> _TASK_:
When you reach a picture, skip it, and retype every line below exactly.
MATERIAL PROVIDED START
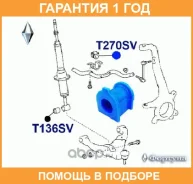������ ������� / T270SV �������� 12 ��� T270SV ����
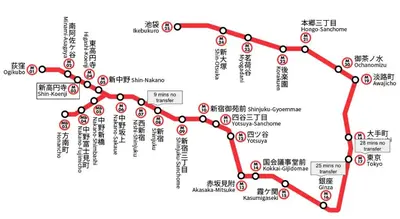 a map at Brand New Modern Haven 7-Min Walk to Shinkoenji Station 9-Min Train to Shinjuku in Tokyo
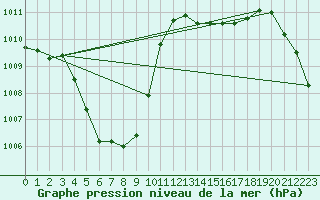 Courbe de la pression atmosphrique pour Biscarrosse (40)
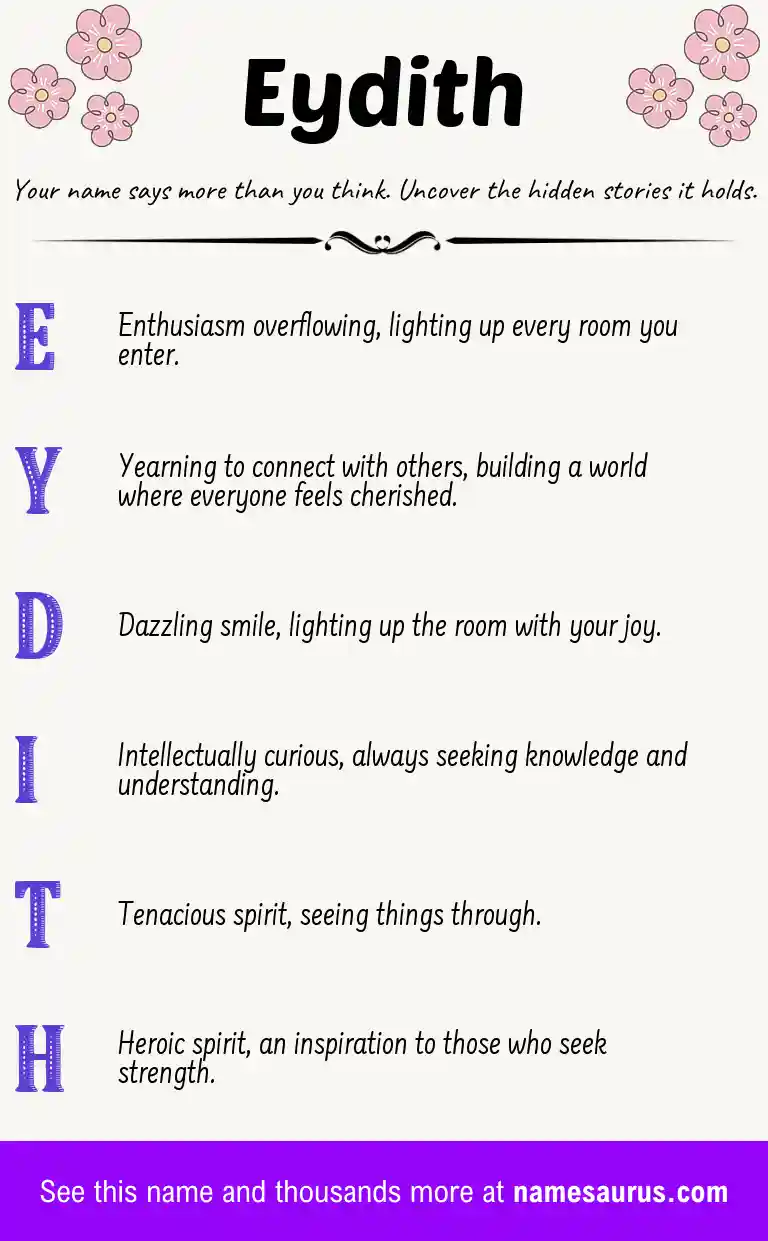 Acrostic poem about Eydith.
MATERIAL PROVIDED END
> _SOLUTION TO THE PROBLEM_:
������ ������� / T270SV �������� 12 ��� T270SV ����
 a map at Brand New Modern Haven 7-Min Walk to Shinkoenji Station 9-Min Train to Shinjuku in Tokyo
 Courbe de la pression atmosphrique pour Biscarrosse (40)
 Acrostic poem about Eydith.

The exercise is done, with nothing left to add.